The Brown corpus provided with NLTK is also tagged with POS information,
although the tagset is slightly different than the Penn Treebank tagset. Information about the Brown corpus tagset can be found here:
http://www.scs.leeds.ac.uk/ccalas/tagsets/brown.html

We can retrieve the tagged sentences in the Brown corpus by calling the `tagged_sents()`
function and looking at an annotated sentence:

In [None]:
tagged_sentences = brown.tagged_sents(categories='news')
print('Sentence tagged with Penn Treebank POS labels:')
pp.pprint(tagged_sentences[29])

Sometimes it is useful to use a coarser label set in order to avoid data sparsity
or to allow a mapping between the POS labels for different languages. The Universal tagset was designed to be applicable for all languages:

https://github.com/slavpetrov/universal-pos-tags

There are mappings between the POS tagset of several languages and the Universal tagset. We can access the Universal tags for the Brown corpus sentences
by changing the tagset argument:

In [None]:
tagged_sentences_universal = brown.tagged_sents(categories='news', tagset='universal')
print('Sentence tagged with Universal POS:')
pp.pprint(tagged_sentences_universal[29])

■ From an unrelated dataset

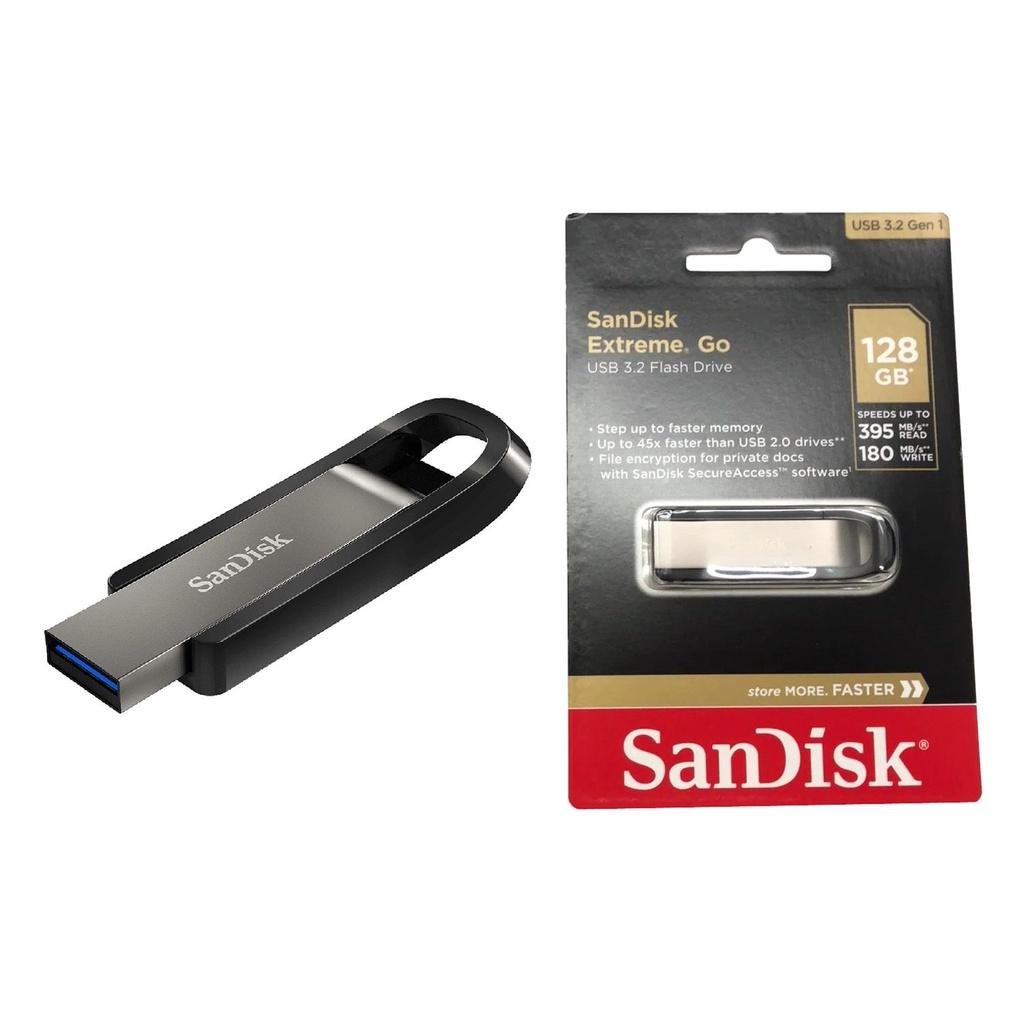 SanDisk Extreme Go 128GB USB 3.2 Gen 1 Flash Drive | Up to 395MB/s Read & 180MB/s Write | USB-A | Premium Metal Design | SDCZ810-128G-G46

This initial universal tagset was later expanded as part of the Universal Dependencies project. The resulting tagset is called UPOS and you can find more information in the link below. This tagset is not yet supported by NLTK. However, it is important that you know about it since it is the most used multi-lingual tagset nowadays.

https://universaldependencies.org/u/pos/index.html

### Exercise 1: Exploring Brown corpus

In this exercise we will explore the Brown corpus, specifically its frequency distribution over POS tags.
The Brown corpus is divided in topical categories called 'genres'. Let's see what genres we have in the corpus.



In [None]:
pp.pprint(brown.categories())

You task in this exercise is to implement a function that computes the Frequency Distribution over a Brown genre category and a tagset scheme.
The template of the function is given below. It takes two parameters: one is the genre category and the other is the tagset name.
Your job is to do the following:

1. Convert the list of (word,tag) pairs to a list of tags
2. Use the list of tags to compute a frequency distribution over the tags. Use NLTK's `FreqDist()`
3. Compute the total number of tags in the Frequency Distribution
4. Return the total number of tags and the top 10 most frequent tags

You are given the code to retrieve the list of (word, tag) tuples from the brown corpus corresponding to the given category and tagset.

In [None]:
def explore_tagset_frequency_distro(genre, tagset):
    """Compute a Frequency distribution of the POS tags in a genre of the tagged Brown corpus
    
    :param genre: A Brown corpus genre
    :type genre: str or iterable(str) or None
    :param tagset: A Brown tagset name
    :type tagset: str or None (defaults to 'brown')
    :return: number of tag types, top 10 tags
    :rtype: tuple(int,list(tuple(str,int))"""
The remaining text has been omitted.